*** Opening of DATA FOR ANALYSIS ***

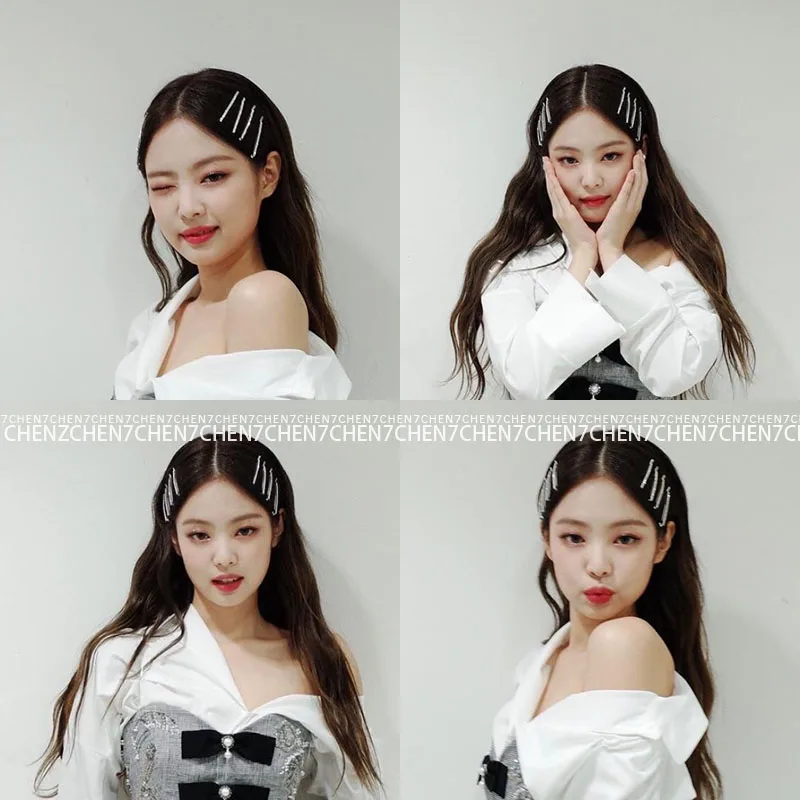 Заколка для волос kpop в Корейском стиле знаменитости Новинка корейский милый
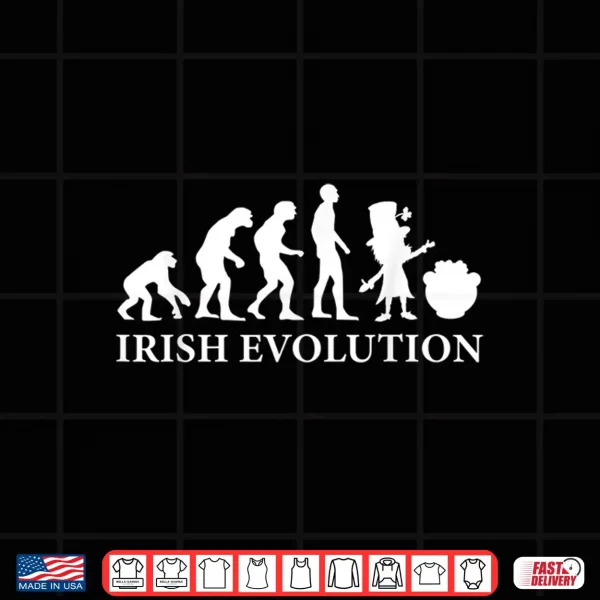Irish Evolution Funny Shirt I Ireland Leprechaun Idea 4 Design Irish Evolution Funny Shirt I Ireland Leprechaun Idea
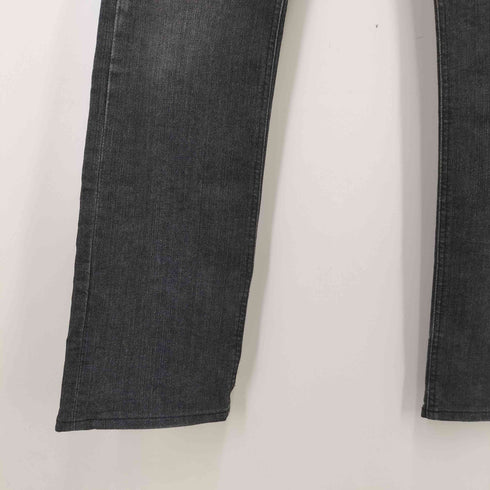 バーバリーブラックレーベル BURBERRY BLACK LABEL ボタンフライ ストレートデニムパンツ メンズ JPN:76-84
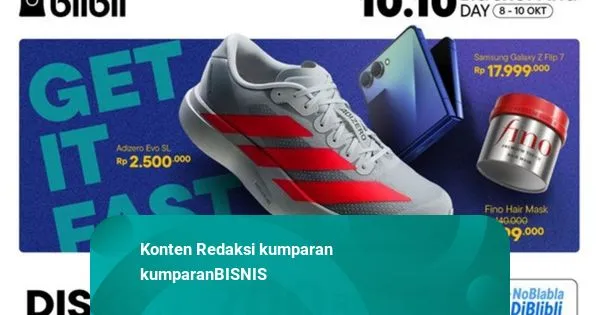 Blibli Gelar Promo 10.10 Big Shopping Day, Tawarkan Diskon Produk Perawatan Rambut, Gadget, dan Sepatu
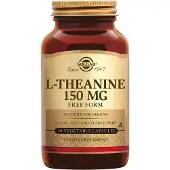 Solgar , L-Théanine, Forme Libre, 150 mg, 60 Gélules Végétales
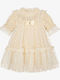 Mädchenkleid Biscuit Ecru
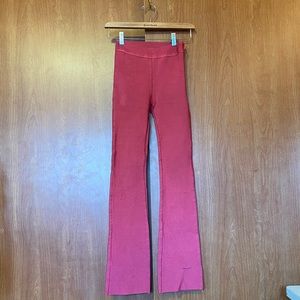 Vintage pink flare pants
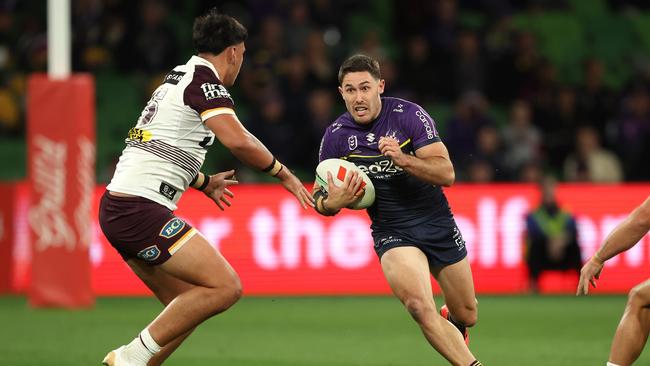 Meaney has adapted to his new role at right centre this season. Picture: Robert Cianflone/Getty Images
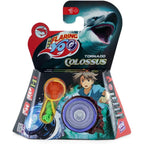 Tornado Colossus Professional Yo-Yo Toy with String for Kids, Durable Design with Auto Return Mechanism for Kids and Beginners, Smooth Spin Handheld Skill Toy- Ages 3+, Metallic Royal Blue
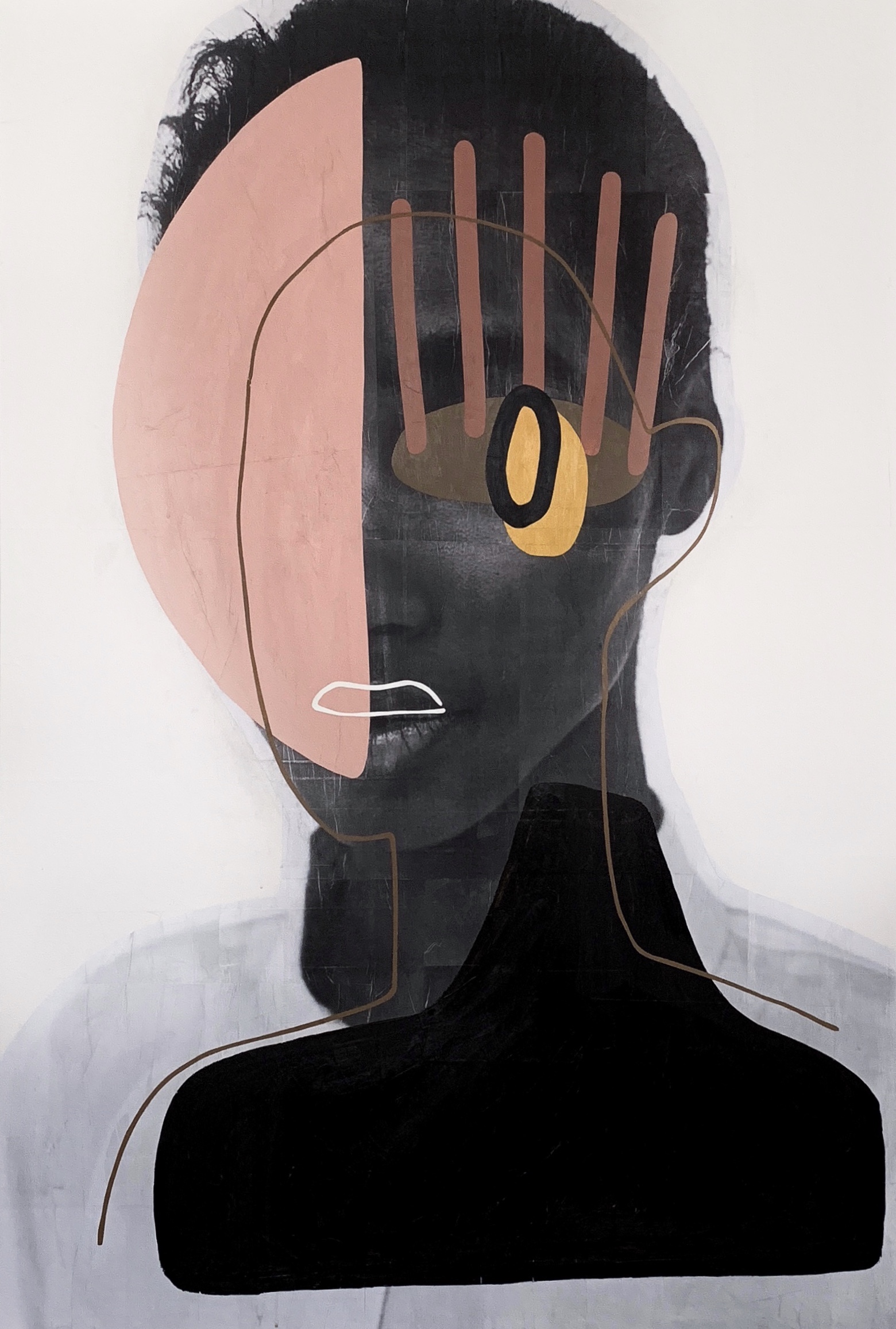 AWAKE X AWAKEN n.7, 2018  ACRYLIC X PAPER ON WOOD  40X60 INCHES  — SOLD
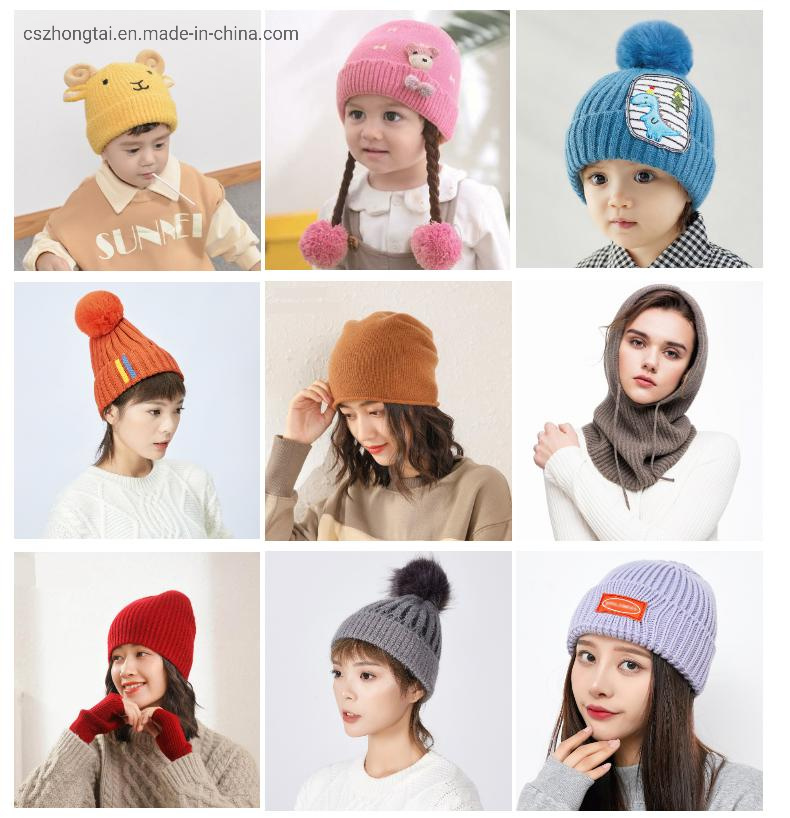 Promotional Warm Knit Design Knitted Winter Hats for Men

*** Close of DATA FOR ANALYSIS ***

* WHAT YOU ARE ASKED TO DO
The reply should hold the lines from the top of the records through the line containing "Blibli Gelar Promo", reproduced exactly, and no pictures.

* FINISHED TASK
 Заколка для волос kpop в Корейском стиле знаменитости Новинка корейский милый
Irish Evolution Funny Shirt I Ireland Leprechaun Idea 4 Design Irish Evolution Funny Shirt I Ireland Leprechaun Idea
 バーバリーブラックレーベル BURBERRY BLACK LABEL ボタンフライ ストレートデニムパンツ メンズ JPN:76-84
 Blibli Gelar Promo 10.10 Big Shopping Day, Tawarkan Diskon Produk Perawatan Rambut, Gadget, dan Sepatu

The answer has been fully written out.